Weselskys Vergehen: Er
macht von einem Grundrecht Gebrauch - dem Recht auf Streik. Kleine Erinnerung
für die Empörten: Solange Weselskys Leute ihm folgen und kein Arbeitsgericht
Einwände hat, kann er zum Ausstand aufrufen. Wem das nicht passt, sollte den
Umzug nach China erwägen.
[…]
Selbst Weselskys Gegner halten dem
Gewerkschaftschef absolute Unkorrumpierbarkeit zugute - die Bahn hatte
vergeblich versucht, ihn mit einem gut bezahlten Job zu kaufen.
Was wird dem Mann
vorgeworfen? Dass es bei dem neuerlichen Streik nicht allein ums Gehalt geht,
sondern um Einfluss. Die Gewerkschaft der Lokführer will auch für die bei ihr
organisierten Rangierführer, Disponenten und anderes Zugpersonal Tarifverträge
abschließen. Die Deutsche Bahn will das nicht. Sie arbeitet da lieber mit der
deutlich handzahmeren Eisenbahn- und Verkehrsgewerkschaft zusammen, ihrer
"angepassten Hausgewerkschaft", wie Weselsky spottet. Der Konflikt
ist real. Der Streit ist legitim. Es geht um die Interessen der Beschäftigten.
Was sonst ist die Aufgabe einer Gewerkschaft? […]
Ehrlich
gesagt interessiert mich dieser Streik nicht so besonders.
Er wird
auch wieder vorbei gehen und schlimmstenfalls mit einem Desaster à la Jürgen Peters enden. Der
hochumstrittene IG-Metall-Vize hatte 2003 extrem überzogen und den Ruf seiner Gewerkschaft total
ruiniert.
Das kann
passieren. Auch Gewerkschaftler machen Fehler und Jürgen Peters ist sicher einer der unangenehmsten und
dubiosesten Gewerkschafter der deutschen Nachkriegsgeschichte.
Sehr
viel bedenklicher finde ich allerdings wie die Journaille insgesamt FOX-newsig
Meinung macht und offenbar das Volk im Schäfchen-Modus mit abgeschaltetem Hirn
einstimmt.
Soll man sich wirklich
aufregen, dass Franz Josef Wagner in der BILD „Töchter, die ins Hospiz zu ihren
alten Vätern wollen“ ins Spiel bringt, um gegen Claus Weselky zu hetzen?
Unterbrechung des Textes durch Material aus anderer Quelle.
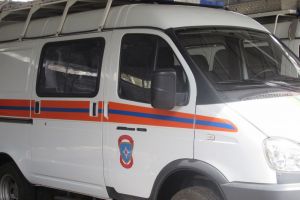Спасатели транспортировали больного жителя Пензы в машину «скорой»
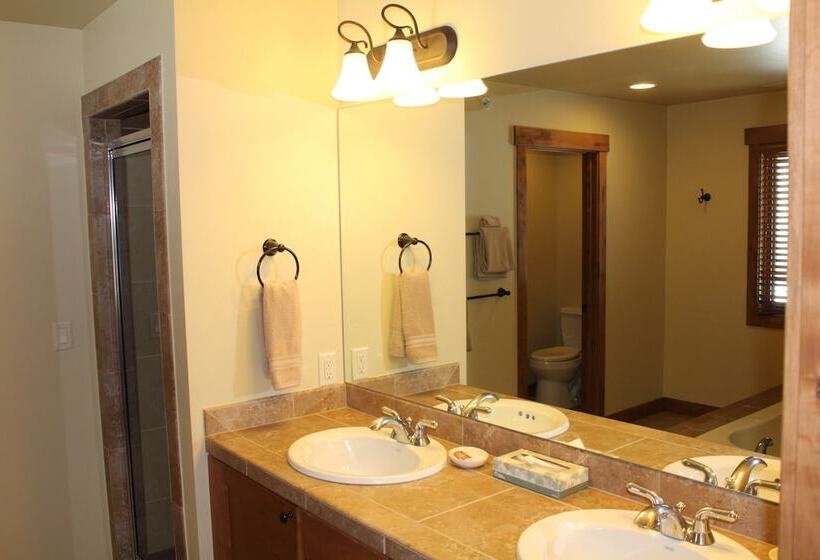 Люкс Deluxe 3 Спальни, Glenwood Canyon Resort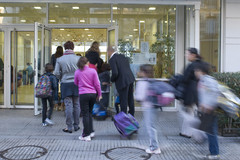 Image with missing alt attribute found on ac-versailles.fr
Ja,
man muss sich darüber aufregen, auch wenn man von Wagner nichts anderes
erwartet. Man muss sich auch über den Focus aufregen, der mit Überschriften wie
„Seit 1992 sitzt Weselsky im warmen Büro“ aufmacht und es offenbar für
ungerechtfertigt hält, dass der „Streikführer“ ein Grundgehalt von „5389 bis
6836 Euro“ bezieht und in mit seiner Familie in einer ehemalige Altstadt-Remise
auf 61 Quadratmeter lebt. Soll ein Gewerkschafter etwa in einer unbeheizten
Wellblechbaracke arbeiten und im Plattenbau leben? Für das Jahresgehalt des
„Gewerkschafts-Boss“ muss Bahn-Chef Rüdiger Grube ganze 11 Tage arbeiten und –
verzeihen Sie mir bitte die Polemik – 61 Quadratmeter reichen bei
Dax-Vorständen oft noch nicht einmal für die Eingangshalle ihrer Villa. Kritik,
dass Herr Grube, der immerhin ein Angestellter eines Unternehmens ist, dass zu
100% dem Bund gehört, ein Jahressalär von 2,7 Millionen Euro bezieht, habe
zumindest ich in BILD und Focus noch nie vernommen.
Klar, es
nervt, wenn die Bahn nicht fährt. Und Weselsky mag ich auch nicht.
Dennoch
wünsche ich ihm, daß er sich gegen Multimillionär Grube durchsetzt und daß die
Journaille es nicht schafft den Streik zu beenden.